### Task
Full transcription, minus images: write out the listing below exactly as it appears.

### The data
┄┄┄┄┄┄
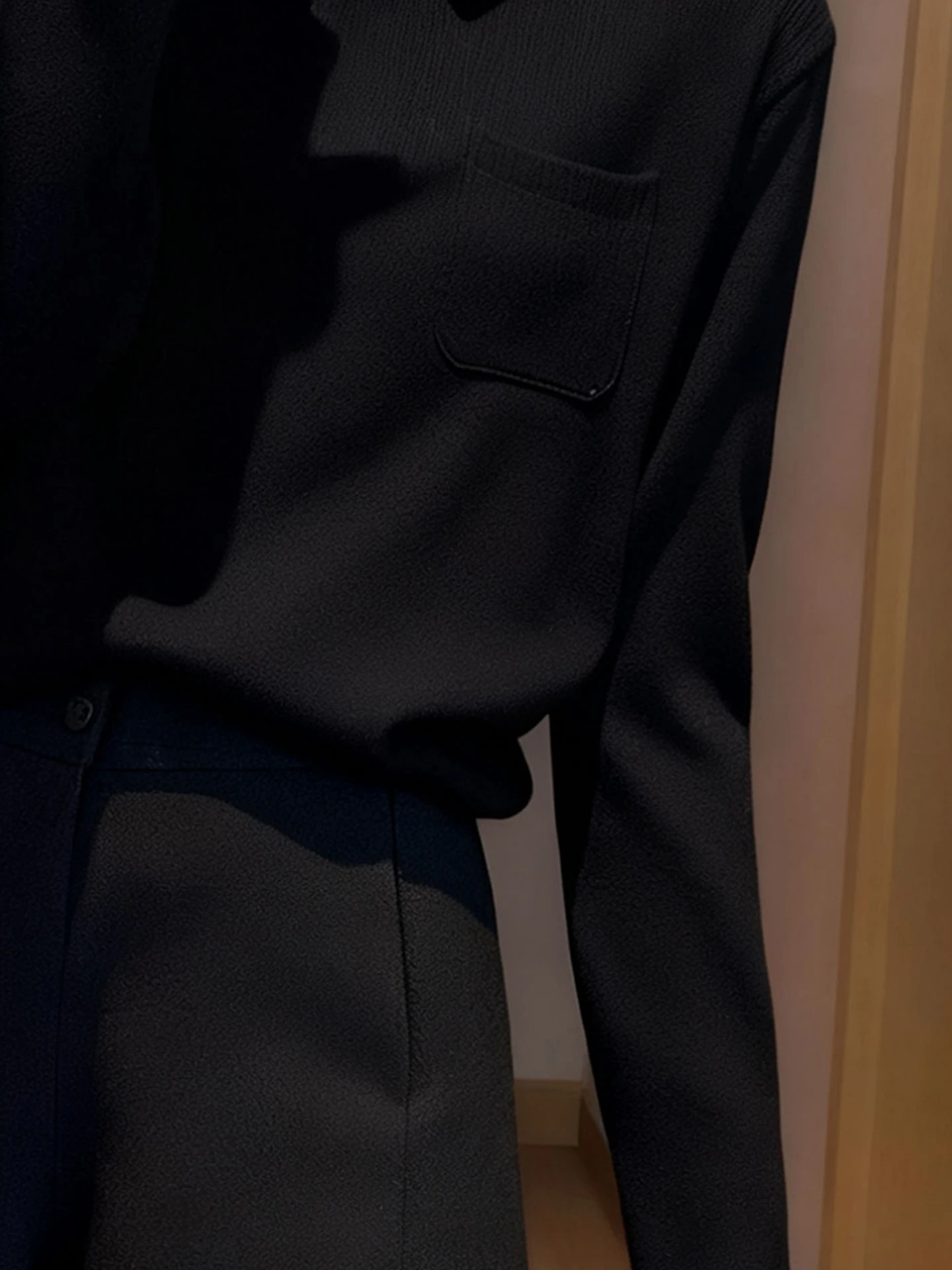 قاعدة فريدة من نوعها قابلة للتنقل طويلة Sve ذات لون نقي irt ملابس نسائية محبوكة مريحة ومتوسطة ناعمة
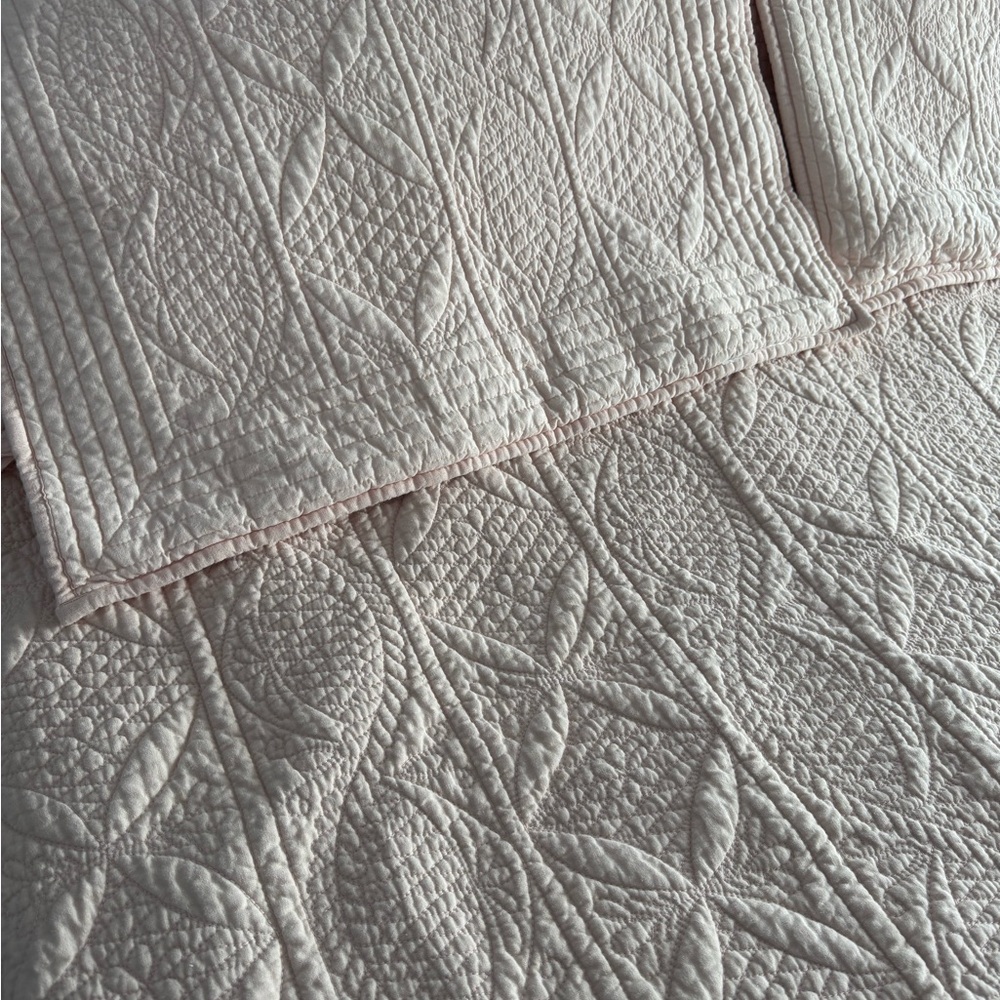 Pottery Barn Light Pink Queen Quilt With Matching Shams - Picture 8 of 10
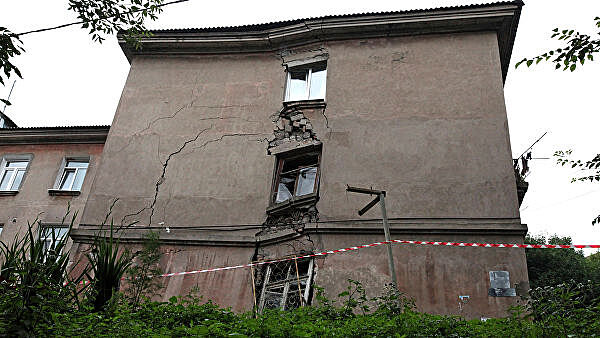В Сочи рушится аварийный дом: жильцов срочно расселяют, вводится режим ЧС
┄┄┄┄┄┄
### Expected answer
 قاعدة فريدة من نوعها قابلة للتنقل طويلة Sve ذات لون نقي irt ملابس نسائية محبوكة مريحة ومتوسطة ناعمة
 Pottery Barn Light Pink Queen Quilt With Matching Shams - Picture 8 of 10
В Сочи рушится аварийный дом: жильцов срочно расселяют, вводится режим ЧС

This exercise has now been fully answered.